Para peneliti melaksanakan dua uji statistik yang berbeda untuk memilih apakah letusan gunung berapi baru-baru ini mempunyai imbas pendinginan yang berbeda dengan variabilitas iklim intrinsik. Tim peneliti menemukan bukti adanya kekerabatan yang signifikan antara pengamatan aerosol vulkanik dan estimasi berbasis satelit mengenai temperatur di troposfer yang lebih rendah serta sinar matahari yang dipantulkan kembali ke angkasa oleh partikel aerosol.

Variabilitas iklim merupakan standar deviasi iklim inter tahunan selama interval waktu lebih dari 20 tahun, sedangkan perubahan variabilitas iklim dinyatakan sebagai ratio standar deviasi iklim yang akan tiba dibagi dengan standar deviasi iklim kini dikurangi 1 dan diekspresikan sebagai persentase. Nilai nol menunjukkan tidak ada perubahan iklim, sedangkan positif atau negatif menunjukkan adanya peningkatan atau penurunan variabilitas iklim.

"Hal ini merupakan penilaian observasional paling komprehensif perihal tugas kegiatan gunung berapi terhadap iklim pada awal masa ke-21 , "kata rekan penulis, Susan Solomon, seorang professor kimia atmosfer dan ilmu iklim di MIT. "Kami menilai bantuan dari gunung berapi terhadap suhu di troposfer (lapisan terendah atmosfer) dan menemukan bahwa hal ini sudah niscaya memainkan beberapa tugas penting dalam menjaga supaya bumi lebih hambar . "
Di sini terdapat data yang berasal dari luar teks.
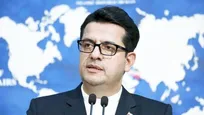 موسوی: ضریب استناد به رسانه‌های منتسب به سیا و موساد کم نیست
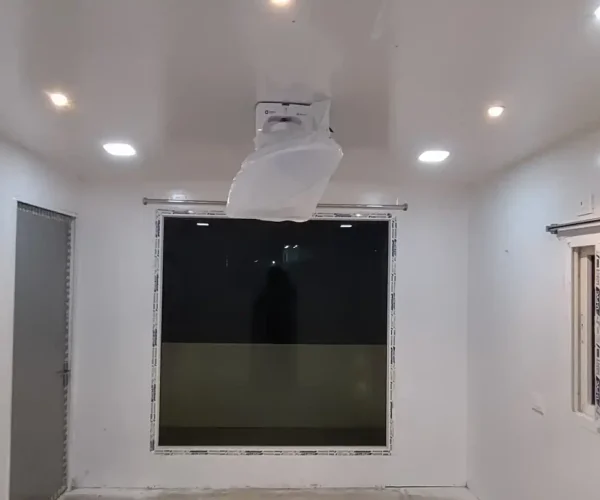 portable house cabin | portable container homes | porta cabin house | portable house cabin Bangalore | shipping container home Bangalore | portable house cabin price Bangalore | prefab portable house cabin Bangalore | portable bungalow cabin Bangalore | modular portable house cabin Bangalore | luxury portable house cabin Bangalore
Penelitian ini dibiayai oleh Department of Energy's Office of Biological and Environmental Science in the Office of Science. Penelitian ini melibatkan sejumlah besar, tim peneliti interdisipliner dengan para jago dalam pemodelan iklim, data satelit, dinamika stratosfer dan imbas vulkanik pada iklim, serta penilaian model dan ilmu komputer .

Referensi Jurnal

Benjamin D. Santer, Céline Bonfils, Jeffrey F. Painter, Mark D. Zelinka, Carl Mears, Susan Solomon, Gavin A. Schmidt, John C. Fyfe, Jason N. S. Cole, Larissa Nazarenko, Karl E. Taylor, Frank J. Wentz. Volcanic contribution to decadal changes in tropospheric temperature. Nature Geoscience, 2014; DOI: 10.1038/ngeo2098.

Artikel ini merupakan materi yang disediakan oleh DOE/Lawrence Livermore National Laboratory via Science Daily (18 Februari 2014). Terima kasih anda sudah berkunjung ke Perpustakaan Cyber.